Before I tell you how much I love Rob Balder's new comic Erfworld (illustrated by Jamie Noguchi) I need to explain to you why Rich Burlew's The Order of the Stick is so wildly successful.
It's like this: Rich understands role-playing. He knows how to tweak. He knows how to min-max. He knows how to put a munchkin in his place, and he can play the rules-lawyer better than anybody I know. And he takes that deep understanding of role-playing games (and D&D 3.5 in particular) and spins out a comic strip that sends it all up.
If you're a role-player and you haven't heard of The Order of the Stick it is likely that you've been rolling those bones in a cave somewhere. Rich tapped into the collective subconscious of role-players so effectively that players have begun citing D20 v3.5 rules and using Rich's comics to prove their points.
On to Erfworld... Rob Balder wrote a song a while back called "Rich Fantasy Lives" (available on his CD) that proved to me once and for all that Rob gets it. Rob understands why fantasy gamers game, whether they're role-playing, LARPing, or marching armies across tabletops. (His long-running comic Partially Clips does not exploit this understanding, however. It's funny and wonderful for other reasons.)
Erfworld seems, then, to be a very loving send-up of table-top strategy. And because I'm just starting to get into said genre (thanks to my IK gaming group), I'm right there in the cross-hairs.

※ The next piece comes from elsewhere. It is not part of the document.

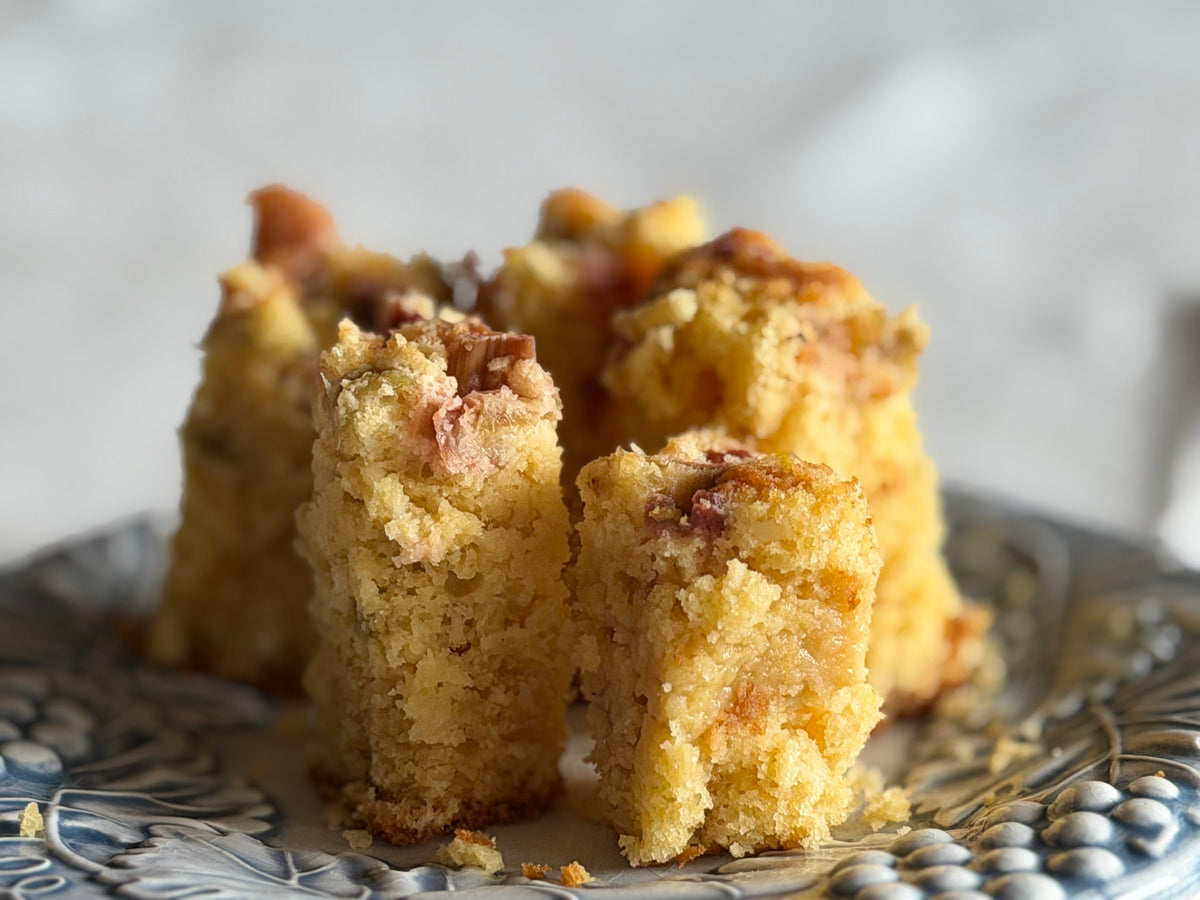 rhubarb cake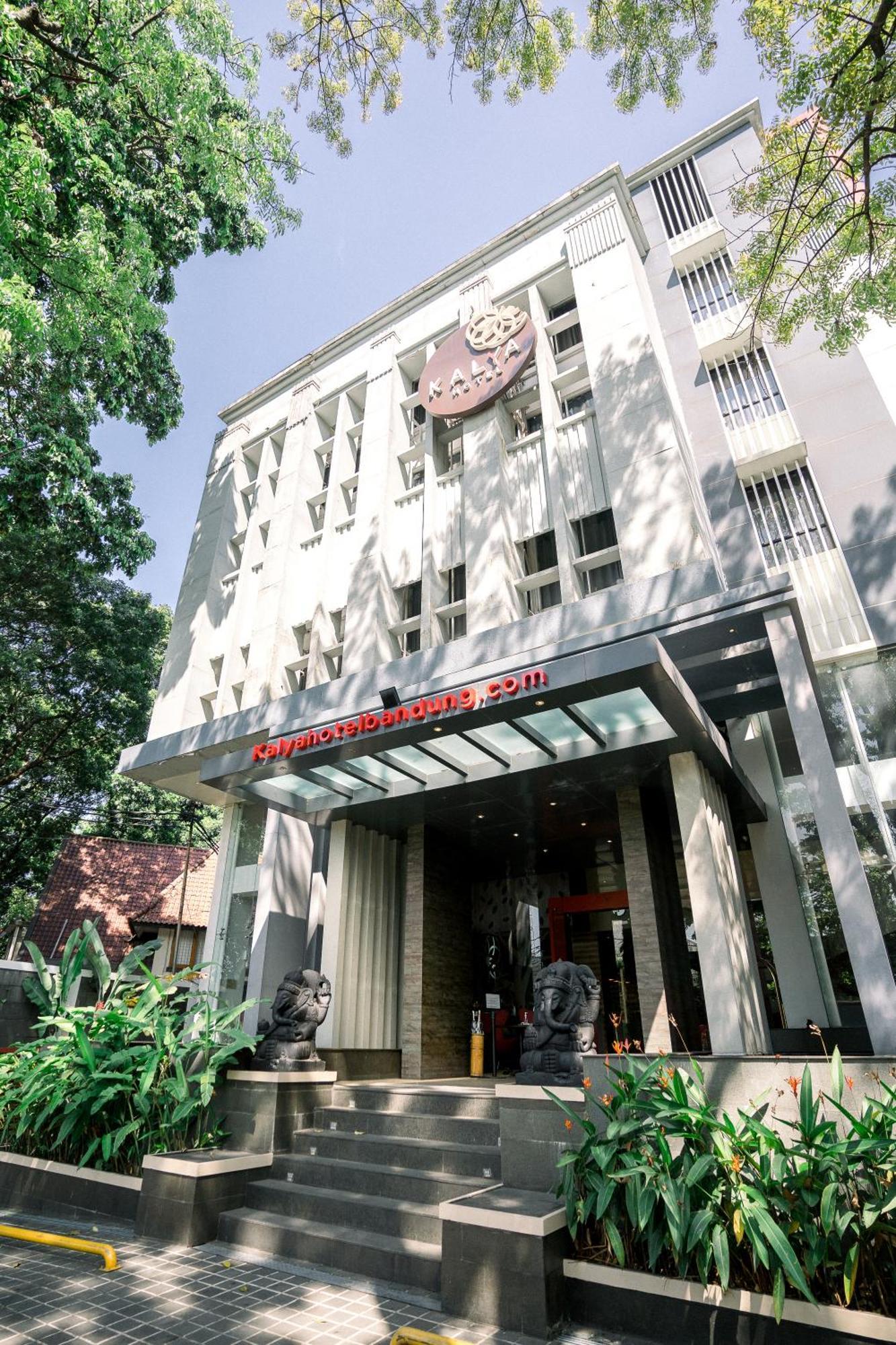 Kalya Hotel Bandung Dago Kültér fotó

If you play Warhammer, or any of the other 28mm-scale tabletop strategy games, you're probably already familiar with Turn Signals on a Land Raider. Erfworld is a different approach to this material, and thanks to Jamie Noguchi it is a visual delight. (I've criminally understated Jamie's contribution -- Erfworld is not just pretty, it is excellent sequential-art storytelling.)
Erfworld is also brand-new. There is sufficient story now to hook you, but not so much that you'll lose more than an hour catching up. And even if you're not a table-top strategy gamer you're likely to enjoy it. The word "croakamancer" and the giant cloth golems alone are worth the trip.